I already explained in my comments to the question that there is no enough information to build a 3D model, ill-posed problem like in tomography, etc. Even a human eye do not really reconstruct such mode. You would rather have a set of photographs at different angles. In 1999, I learned from some MetaCreation's people about their camera which used only two shorts, but one of them was made using specially structured lighting. Similar structured-lighting approach is used in some pseudo-3D detectors used to build a 3D profile of the Printed Circuit Board in electronic industry. Sorry I cannot give much more detail, but those approaches are very interesting and require very special hardware. This is an interesting article about building 3D models from photos:
http://www.pcworld.com/article/11311/build_3d_models_from_photos.html[
^].
My little 2D ideas are rather trivial but seem realistic to me.
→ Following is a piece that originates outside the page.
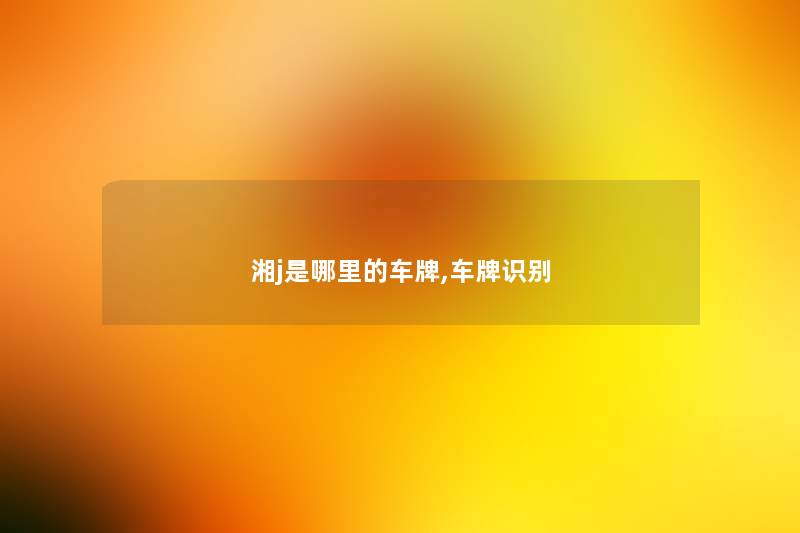 湘j是哪里的车牌,车牌识别 湘j是哪里的车牌,车牌识别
First, I would recommend you to load and use Inkspace:
http://en.wikipedia.org/wiki/Inkscape[
^],
http://inkscape.org/[
^].
Please run it and play with it. It could be recommended as a primary tool for developing all kind of graphics for software, but not just for software. There are many different effects supplied with this wonderful vector editing tool, but I would like to bring your attention to two of them: [Main Menu] => Path => Trace Bitmap and [Main Menu] => Path => Simplify. These two effects can help to vectorize the photograph and morph it give it some cartoonish look. Note, that simplify actually enriches the image, "simplification" simply means the process reduces the number if curve's nodes, but it gives it more sophisticated look. You also can search for effects of "posterization" (elsewhere, please see
http://en.wikipedia.org/wiki/Posterization[
^]). As Inkscape is Open-Source software, you can locate the source code of the effects and learn how to implement them.
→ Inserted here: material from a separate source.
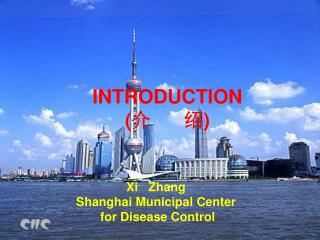 Xi Zhang Shanghai Municipal Center for Disease Control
My other more advanced but more fuzzy idea is the generalization of posterization. In principle, it's possible to decompose an image into a set of areas characterized with some "dominating gradient". The gradient withing each area can be reconstructed by interpolation and added to the model. So, the final model of the image should present a set of areas bounded by Bezier curves with gradient fill in each of them. Some problem could be smooth stitching them on their boundaries. I feel that the most adequate approach would be… ignoring this problem. Depending on how decomposition into areas is done, this effect can create visible color boundaries between the areas, like in classical posterization. It could support cartoonish look of the image and look natural enough.
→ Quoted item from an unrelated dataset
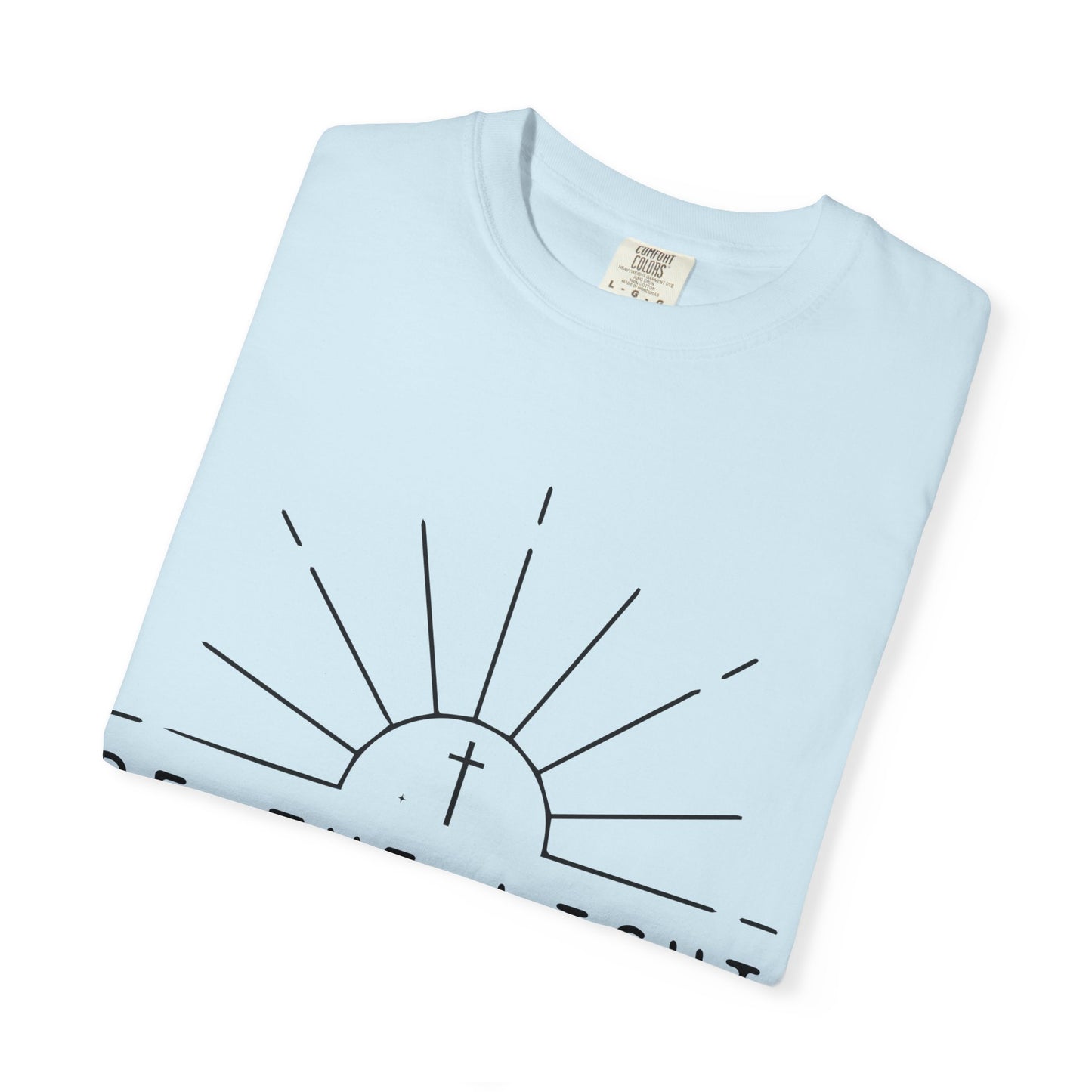 Be The Light T-Shirt — COMFORT COLOR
After all, the whole field of painting including portrait painting is about the play with human perception. In most graphical styles, a human head is depicting with the use of some strokes on the face, curved lines with some thickness. There are no such line in real life! Nevertheless, the artistic styles of drawing often show the lines; and human perception reconstructs 3D image of a human head from this non-existent-in-nature images.